Politikersohn war als Neonazi aktiv

Nach Enthüllungen muss Schwedens Minister für Migration Johan Forssell um seinen Job bangen

Stellt an Einwanderer hohe moralische Ansprüche und muss den eigenen Sohn vom Rassismus abbringen: Schwedens Migrations-Minister Johan Forssell
Stellt an Einwanderer hohe moralische Ansprüche und muss den eigenen Sohn vom Rassismus abbringen: Schwedens Migrations-Minister Johan Forssell

Am Ende blieb dem schwedischen Politiker nur noch die Flucht nach vorn, an die Öffentlichkeit. Dabei hatten sich die großen Medien seines Landes tagelang zurückgehalten, nachdem die antirassistische Online-Zeitschrift »Expo« in der ersten Juliwoche berichtete, dass das »Familienmitglied« eines Ministers der Regierung in Stockholm mit Gruppen sympathisiert, die für eine »weiße Vorherrschaft« eintreten, und in einem zur Neonazi-Szene gehörenden Kampfsportklub mitgewirkt hat. Weil es hierbei um einen Minderjährigen ginge, verlegte man sich zunächst aufs Schweigen. Die Nachricht, dass es sich bei dessen Vater um Johan Forssell, Ressortchef für Migration und prominentes Gesicht der konservativen Moderaten Sammlungspartei, handelt, verbreitete sich so zunächst nur auf Twitter.

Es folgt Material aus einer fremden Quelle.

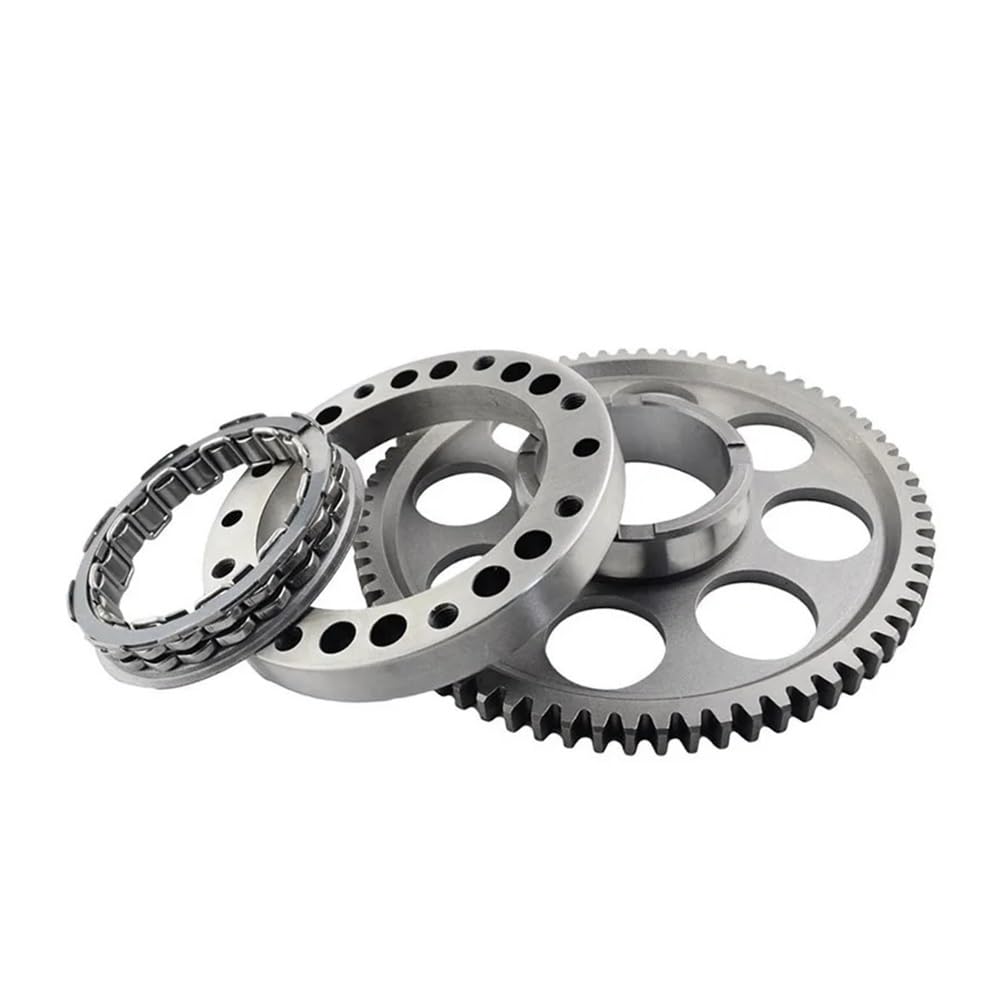 Kit embrague de arranque y componentes de encendido para moto ST3 7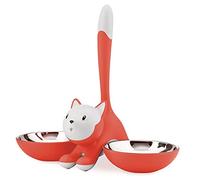 ALESSI Tigrito Accesorios para Gatos, Anaranjado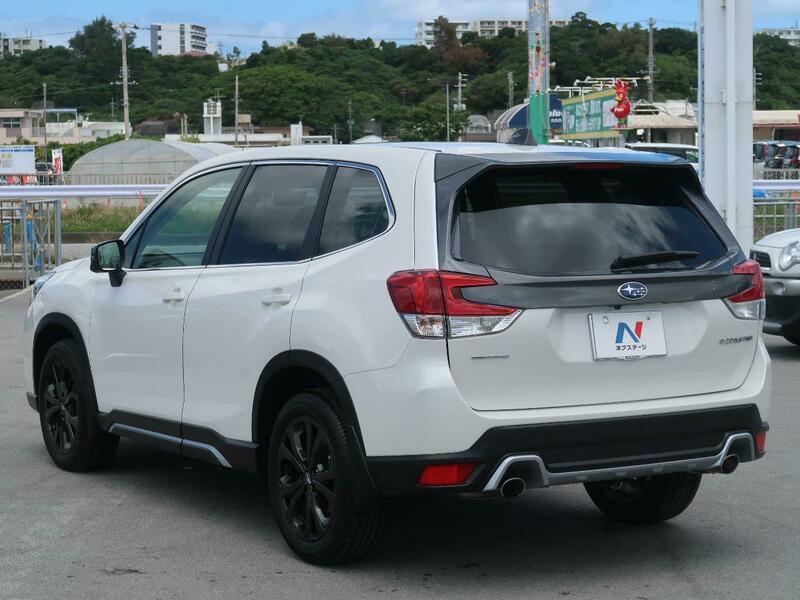 FORESTER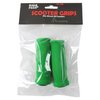 Kick Push Scooter Handle Grips Green, 7/8"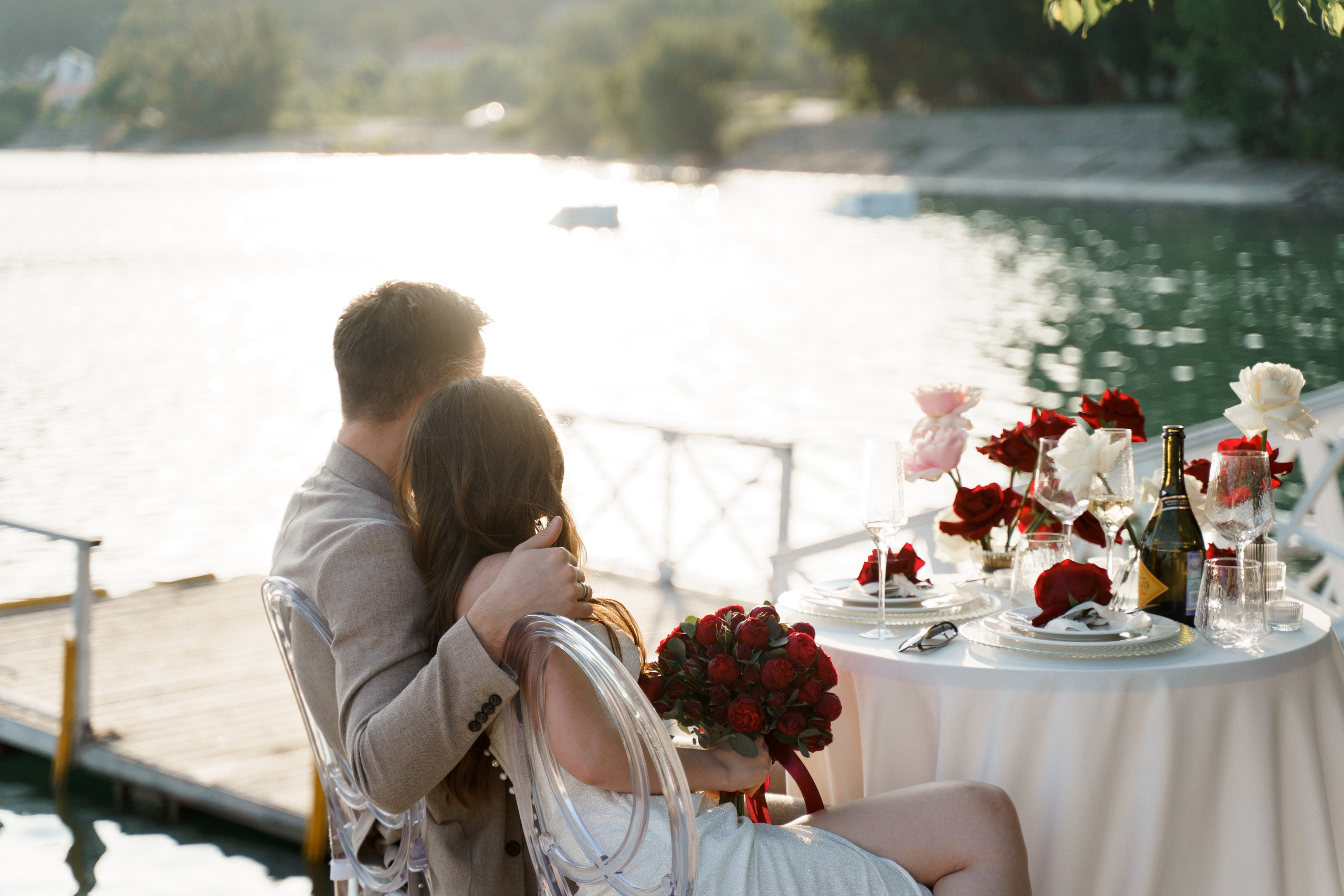 Вино и Лед. Свадебный фотограф Корощенко Екатерина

Unter den klassischen Medien ließ zunächst nur die traditionsreiche Regionalzeitung »Västerbottens Kuriren« (VK) am vergangenen Montag die Katze aus dem Sack, ohne den Jugendlichen namentlich zu nennen. In einem Kommentar wurde zudem die Frage aufgeworfen, wie es um die innere Sicherheit in Schweden bestellt sei, wenn sich Forssells Angehöriger im rechtsextremen Milieu bewegt. Das »Outing« des Ministers bei VK brachte dessen Herausgeber Marcus Melinder einen Anruf von Martin Borgs, dem Chef für Strategie und Kommunikation der Moderaten, ein, der sich bitter über die »Bloßstellung eines Minderjährigen« beschwerte. »Es ist eine neue Grenze überschritten worden«, kommentierte Melinder diesen Versuch Druck auszuüben. Auch weitere Medien sollen von der Partei entsprechend kontaktiert worden sein.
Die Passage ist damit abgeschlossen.